If, as many scientists believe, tumours come from cancer stem cells, then where do cancer stem cells come from? Led by Joerg Huelsken at the Ecole Polytechnique Federale de Lausanne, a group of researchers believe that they have answered that question, at least for some skin cancers1. In doing so, they may have identified a way to attack cancer stem cells without harming healthy ones.

Skin is maintained, in part, by bulge stem cells residing in hair follicles. The researchers chemically induced cutaneous tumours in mice, and looked for cells the carryin markers CD34, which is associated with bulge stem cells. Compared to skin tissue, tumours contained 9 times as many cells with this marker. Closer examination of cells isolated from tumours showed that they also had additional markers of bulge stem cells. If transferred from one mouse to another, cells displaying the marker CD34 were 100 times more able to initiate secondary tumours than were unsorted cells. These cells could even start tumours when transferred a third time. Cells lacking this marker never produced tumours. Lineage tracing studies also showed that bulge stem cells were contributing to tumours.

Next, the researchers looked at signaling within the cells. In particular, they wanted to see if a signaling pathway that controls how skin stem cells differentiate was necessary for the cancer stem cells they'd identified to form tumours. They found that it was. Activity of a protein called beta-catenin is periodic in normal stem cells but was consistently strong in cancer stem cells. The researchers engineered cells that could delete the beta-catenin gene on command, and found that when the gene was deleted, the tumours regressed completely. Moreover, the proportion of cells displaying CD34 shrank dramatically. Cells that displayed CD34 but lacked the beta-catenin gene were unable to initiate tumours.

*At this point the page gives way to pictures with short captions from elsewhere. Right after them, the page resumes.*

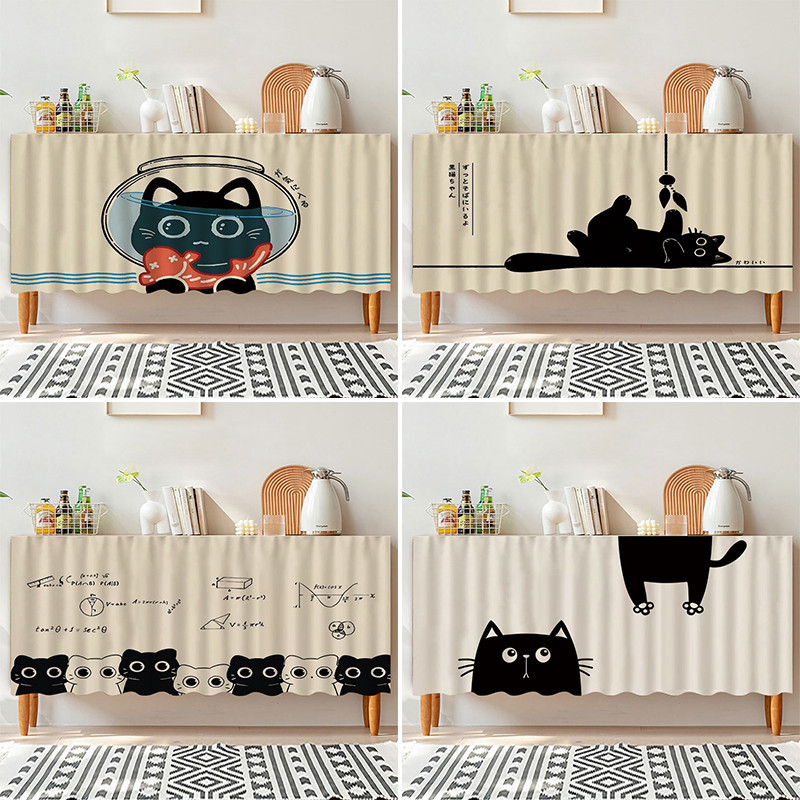 2417Simple Cat Blocking Sundries ตู้ครัวป้องกันฝุ่น Velcro ผ้าม่าน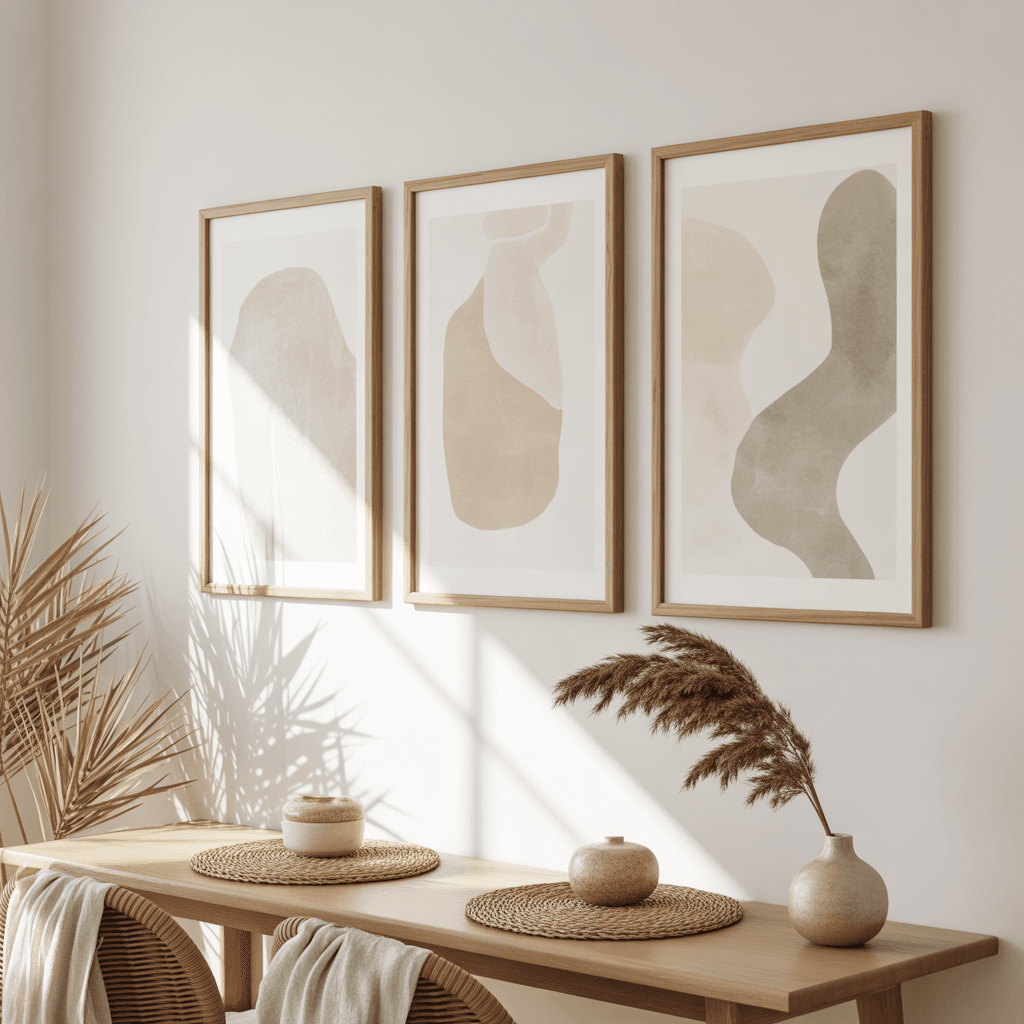 Neutral-boho-wall-art-creating-a-peaceful-New-Year-vibe.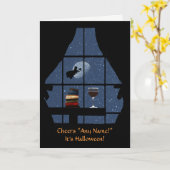 Halloween Wine and Witze Funny Funny Individuelle  Karte (Gelbe Blume)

Next, the researchers looked to confirm their results with squamous cell carcinomas from humans. The human carcinomas showed high beta-catenin activity, but did not express CD34, so the researchers could not use it as a marker to isolate cancer stem cells. However, they did check to see whether blocking beta-catenin signalling with shRNA would have an effect. It did. Human tumours transplanted onto mice shrank when beta catenin activity was blocked. Further, areas on tumours that did show growth also tested positive for beta-catenin activity, indicating that the gene had not been completely knocked down in these cells. Thus, skin cancer stem cells seem to require beta-catenin and normal skin stem cells do not. That difference could, one day, be used to develop drugs that kill cells that lead to tumours but not healthy skin.